Preston and Blackpool fracking protestor claimed he was 'unable to leave house' - but was filmed scaling a HGV
A disability benefit claimant who told benefit chiefs he was unable to leave his home without help has been prosecuted after being caught on camera climbing onto a lorry during a fracking protest.
John James Knox, 33, was found guilty of a benefit fraud of nearly £9,000 following a trial before Preston Crown Court.
Today he was sentenced to a community order with a rehabilitation requirement and three month and two week curfew requirement.
Judge Andrew Jefferies QC said: " What's particularly upsetting is a week after this case concluded a disabled man, Earl Graham, killed himself because the government stopped his benefits because they thought he was inappropriately claiming, and what is sad about this case is people who play the system cause the problems for those genuinely entitled to benefits.
"The benefits system was criticised repeatedly but when the public see cases like this they will perhaps understand why the DWP are strict in the way they approach cases, because you show the other end of the scale."
He added he was unable to impose unpaid work, and that the curfew would punish Knox by restricting his activity over Christmas and the New Year.
Knox was found to be claiming ESA as well as Disability Living Allowance for mobility issues, and had made a statement to claim a mobility element, stating effectively he couldn't leave the house unaided, and suffered mental health issues when out.
The court heard he had even appealed a benefits decision and the award went in his favour.
But while claiming the extra support he was filmed scaling moving lorries and mounting long demonstrations on top of them during demonstrations at the Cuadrilla site in Little Plumpton.

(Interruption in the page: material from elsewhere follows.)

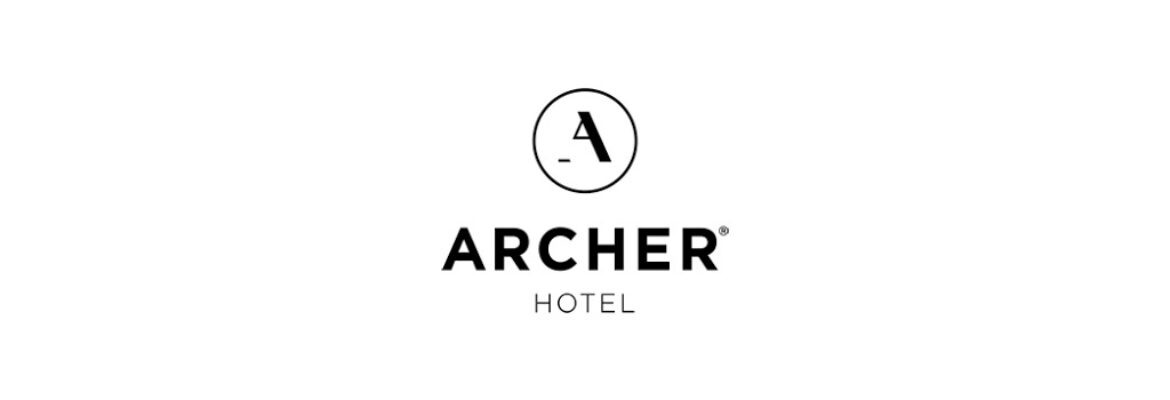 Archer Hotel New York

His activities also included shackling himself to other demonstrators for long periods of time.
The overpayment totalled almost £9,000.
Fiona Clancy, prosecuting, said the information in his claim was a 'stark contrast' to what had been witnessed.
Judge Jefferies QC accepted Knox was entitled to some of the benefits but that his declaration about mobility was false.

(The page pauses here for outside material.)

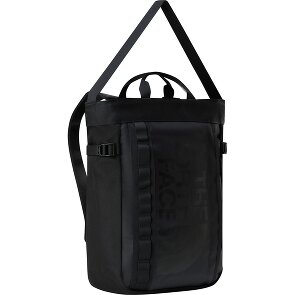 The North Face Base Camp Dagrugzak 41 cm Laptop compartiment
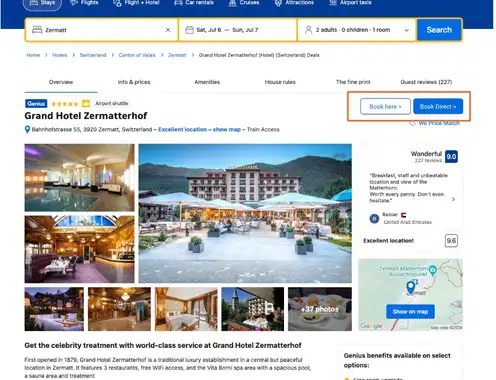 Booking.com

He said: "Not content with the state system you were receiving you sought further assistance in what I will refer to as an extra mobility allowance, but because that was an additional benefit it was subject to additional safeguards and checks.

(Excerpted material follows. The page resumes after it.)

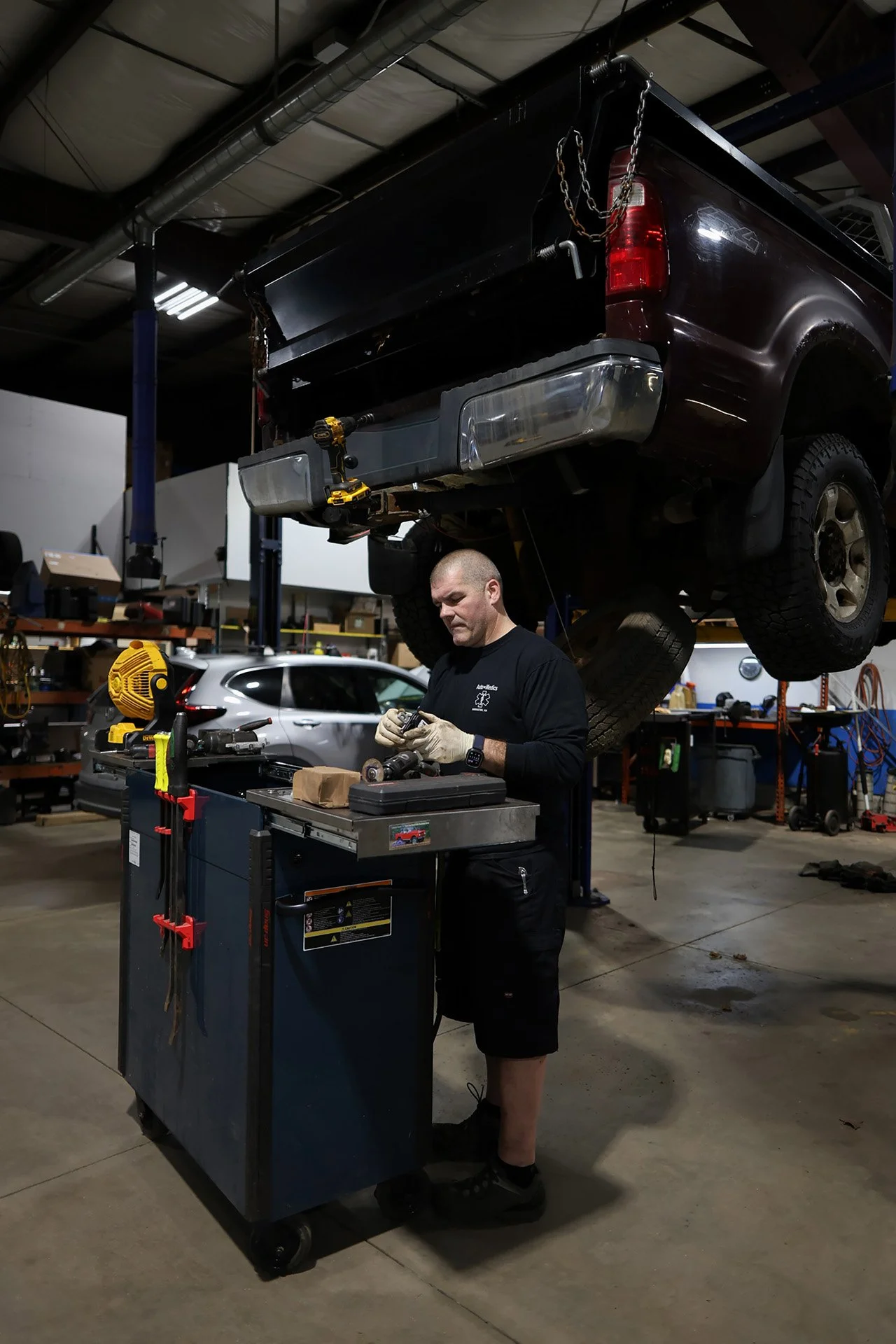 Auto Medics - Auto Repair 57.jpg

"Effectively you were saying you were unable to leave the house without some form of companionship, that it was a very daunting experience for you, that you would find it difficult to be in open spaces and crowded spaces, and it would all be too much."
"The jury concluded you'd been dishonest in those applications.
"The length of time over which this matter went on for is an aggravating feature."
The court heard Knox had 17 convictions for 31 offences including an offence linked to fracking protests.
No proceedings will take place to recover the cash as the DWP is already taking steps to reclaim the cash.